# What is being asked
Using the data below, copy each line that includes the word "with".

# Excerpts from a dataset
+++

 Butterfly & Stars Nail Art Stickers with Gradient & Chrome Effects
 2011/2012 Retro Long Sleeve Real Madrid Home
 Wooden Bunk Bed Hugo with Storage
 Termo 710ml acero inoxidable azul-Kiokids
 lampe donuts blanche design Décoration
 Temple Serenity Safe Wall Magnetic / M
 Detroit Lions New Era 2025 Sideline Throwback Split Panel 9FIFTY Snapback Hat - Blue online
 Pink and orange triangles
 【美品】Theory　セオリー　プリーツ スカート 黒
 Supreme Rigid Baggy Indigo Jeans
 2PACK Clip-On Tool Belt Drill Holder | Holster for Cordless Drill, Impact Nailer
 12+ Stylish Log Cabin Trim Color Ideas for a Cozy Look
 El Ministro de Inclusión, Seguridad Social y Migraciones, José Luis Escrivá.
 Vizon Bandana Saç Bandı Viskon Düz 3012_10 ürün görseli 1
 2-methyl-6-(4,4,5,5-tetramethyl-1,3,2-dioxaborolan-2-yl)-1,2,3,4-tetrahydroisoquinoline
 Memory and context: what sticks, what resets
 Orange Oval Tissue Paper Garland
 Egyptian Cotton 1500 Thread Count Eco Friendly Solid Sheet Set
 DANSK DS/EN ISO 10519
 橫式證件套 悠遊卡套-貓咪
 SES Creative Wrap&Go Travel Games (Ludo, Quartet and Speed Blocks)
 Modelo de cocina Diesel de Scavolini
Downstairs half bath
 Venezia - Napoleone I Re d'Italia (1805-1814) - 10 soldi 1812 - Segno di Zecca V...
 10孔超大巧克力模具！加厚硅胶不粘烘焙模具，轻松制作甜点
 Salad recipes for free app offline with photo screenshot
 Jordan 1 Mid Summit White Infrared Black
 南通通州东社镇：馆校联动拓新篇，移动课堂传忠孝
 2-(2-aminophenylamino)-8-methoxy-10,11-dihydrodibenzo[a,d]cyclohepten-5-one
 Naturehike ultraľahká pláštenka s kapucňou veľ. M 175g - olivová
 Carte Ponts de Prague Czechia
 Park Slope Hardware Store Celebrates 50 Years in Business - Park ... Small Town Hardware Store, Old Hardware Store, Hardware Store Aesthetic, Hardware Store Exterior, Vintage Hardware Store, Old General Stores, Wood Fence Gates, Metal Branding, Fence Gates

+++

# Result of the task
 Butterfly & Stars Nail Art Stickers with Gradient & Chrome Effects
 Wooden Bunk Bed Hugo with Storage
 Salad recipes for free app offline with photo screenshot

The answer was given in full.